Suzanne lives in Sydney with her husband, David, and her four children, Alex, Dominic, Xavier and Miranda.

Visit Suzanne at suzanneleal.com or on Twitter @suzanne_leal or on her Facebook page @suzannelealauthor.

Q&A with Suzanne Leal 

Please tell my readers a little bit about yourself and your publishing journey before the questions that would be super. Plus anything else you wish to tell the members. 

I’m a lawyer and a writer and I have four children who range between five and twenty.  I often don’t manage the juggle as well as I’d like.

My first novel, BORDER STREET, was inspired by the wartime experiences of my Czech-Jewish neighbour, Fred Perger.  It’s a story both about a young couple living in Australia and life in Prague during the Nazi occupation.

My second novel, THE TEACHER’S SECRET, was inspired by the small coastal village where I live in Sydney.  Over the years, I have watched with interest and affection the daily intrigues of this community which, bordered as it is by its row of shops, the golf course, the ocean and a jail, is almost a cul-de-sac in itself.

THE TEACHER’S SECRET centres on Terry Pritchard, assistant principal at Brindle primary school, who is accused of inappropriate behaviour towards his students.  In writing the novel, I drew upon my legal experience to consider how issues of trust and suspicion can arise when considering the behaviour of a male teacher working in a small school.

THE TEACHER’S SECRET is also the story of Nina Foreman, who struggles with managing a career as a single parent, and that of Rebecca Chuma, who finds herself in Brindle having fled her homeland.

Although I wanted to consider these serious issues – what happens when a marriage ends when a career ends, when a family is forced to relocate –  I also wanted to keep humour, kindness and lightness in the book.  In the end, the book is about the strength of the community.
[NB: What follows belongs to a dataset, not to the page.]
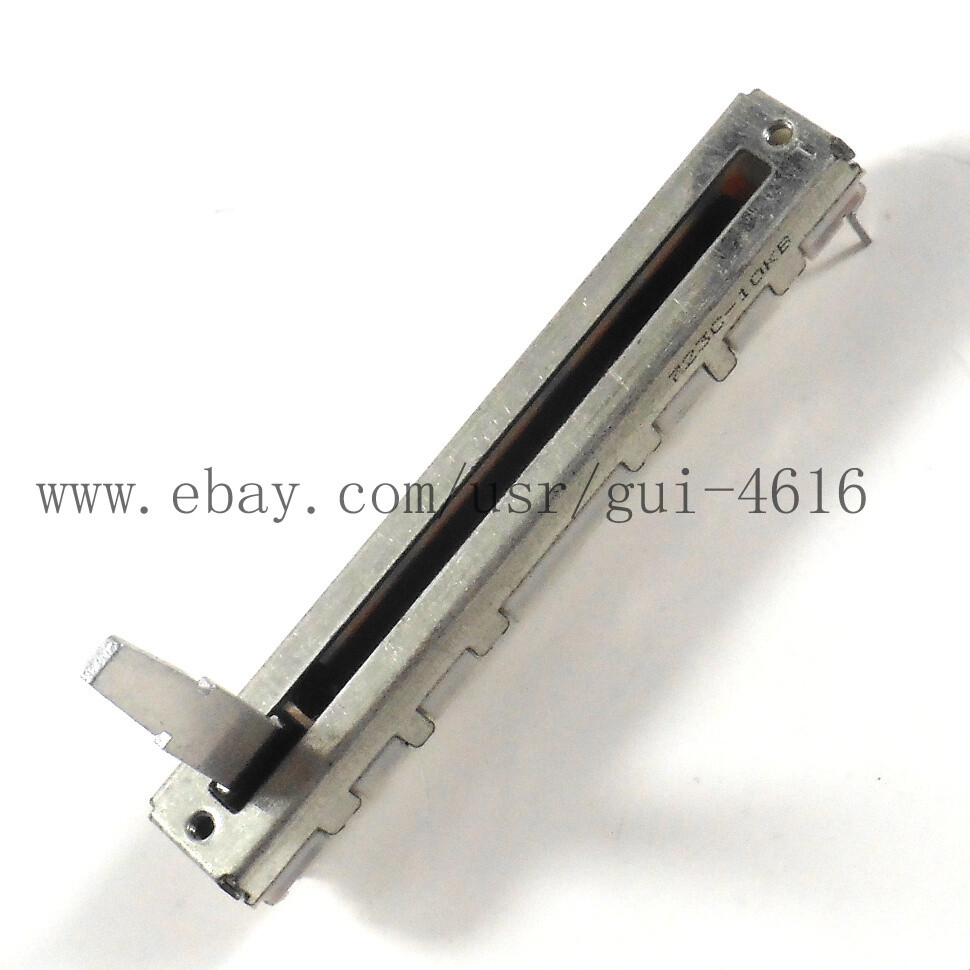 Original Fader For PIONEER DJM350 DDJ-T1 DDJ-S1 DDJ-ERGO FADER DCV1024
THE TEACHER’S SECRET was first published in Australia last year.  I am so excited that it is now being published in the UK, too, and I can’t wait to be in London for the launch.  I’ve loved working with Legend Press and I’m delighted with the jacket cover for the book’s hardcover edition.

Describe yourself using three words?

Curious, hopeful, compelled

What inspired you to write your first novel?

THE TEACHER’S SECRET is my second novel.  My first novel BORDER STREET was inspired by the wartime story of my Czech-Jewish neighbour, Fred Perger.

What time of day do you like to write?

I like to write whenever I can get the time to do it.  First thing in the morning is my preference.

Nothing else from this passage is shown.